Review: ‘Sister’ – the other side of the ski mountain
Ryan Summerlin January 5, 2013
ASPEN – Those of us who live in and around Aspen aren’t going to be shocked by the underlying premise of “Sister”: that even in a postcard-perfect ski village there is a social underclass, living out of sight of the tourists whose wealth feeds the resort. That familiarity with ski-town dynamics is, possibly, an advantage in watching this thought-provoking film by French-Swiss filmmaker Ursula Meier. Rather than getting caught up in the idea that ski resorts actually do include a population of cooks, ski tuners, house cleaners and criminals – which is simply a backdrop element here – we can focus on the heart of the movie, a complex relationship between two troubled people.
For anyone who skis, Simon is the sort of small-time crook you try to banish from your mind. The 12-year-old spends his days on the slopes lifting other people’s gear, with a sharp eye for the best, newest skis. The actor who plays Simon, Kacey Mottet Klein, is excellent in the role, and our first glimpse of him tells us that Simon isn’t stealing for fun. Thin, with a rodent-like face and a knack for staying out of sight, Simon gives off a distinct air of insecurity and loneliness. We know things are not right back at home.

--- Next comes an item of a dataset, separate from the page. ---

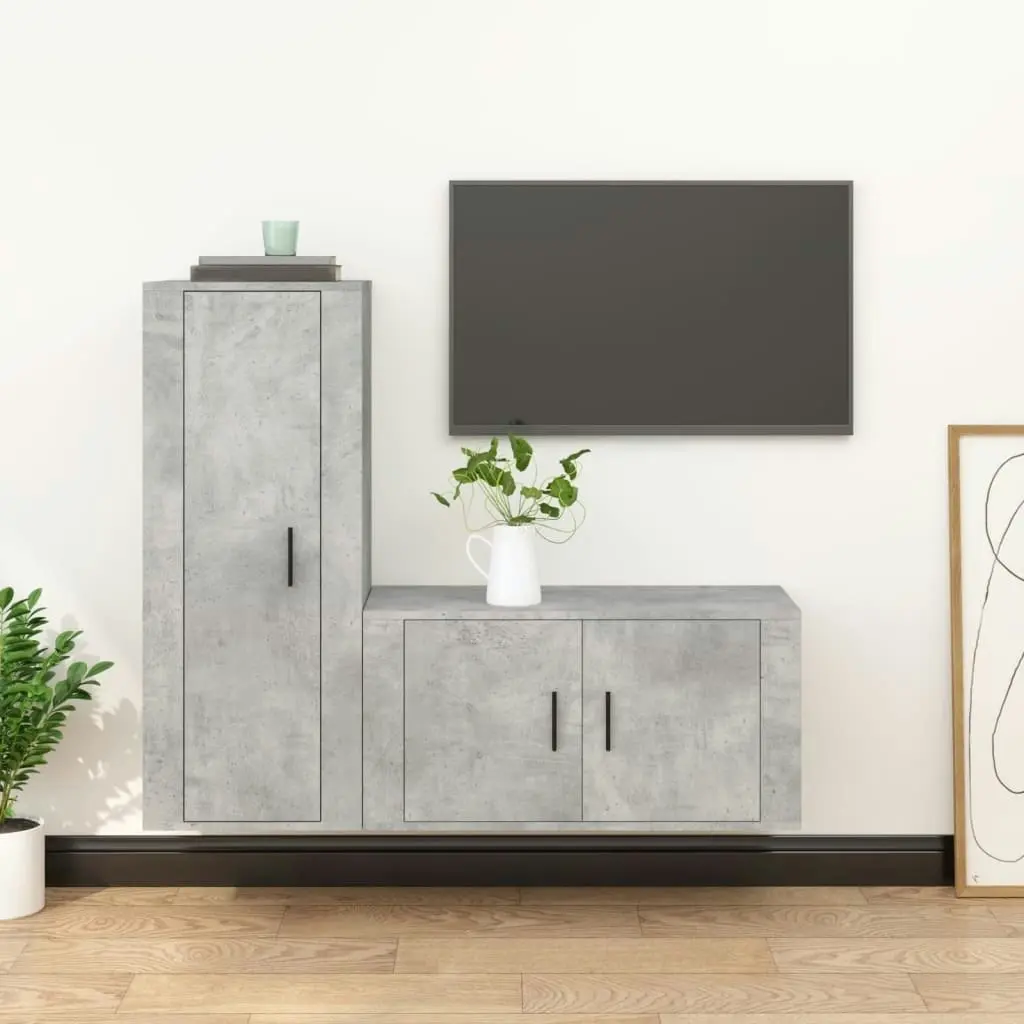 2 Piece TV Cabinet Set Concrete Grey Engineered Wood 3188730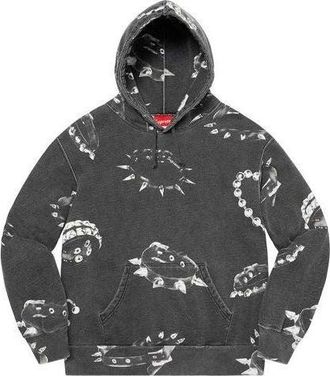 SUPREME Studded Collars Hooded Sweatshirt Grey White SUP-FW20-279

But Simon is also, in a desperate way, resourceful, with clever methods of stashing his stolen goods, transporting them off the mountain and hauling them home on a dinky sled. Home is a shabby apartment in a low-budget high-rise (let’s say thanks for Aspen’s building codes) where there are plenty of kids to sell skis and gloves to, but there are no parents. Instead there is Simon’s older sister, Louise (Lea Seydoux) – pretty, and dressed in a way (short skirt, high boots) that advertises her availability.
Much of “Sister” follows Simon and Louise going about their separate business. Simon steals, schleps his inventory down a bleak highway, gets caught by an opportunistic cook from the on-mountain restaurant. Among the most revealing things he does is pretend to be someone else, telling a visiting family that his father owns a local hotel. Louise smokes cigarettes and is dropped off and picked up at the apartment in a series of different cars.
As “Sister” progresses, Simon and Louise’s paths cross more, and the more they interact, the more elements are teased out of their relationship: dependence, manipulation, superiority. Their entanglement is disturbing, but it is also well-observed. It is, ultimately, even more complicated than we expect, and “Sister” becomes a resonant study in the identities we adopt to deal with our difficult circumstances.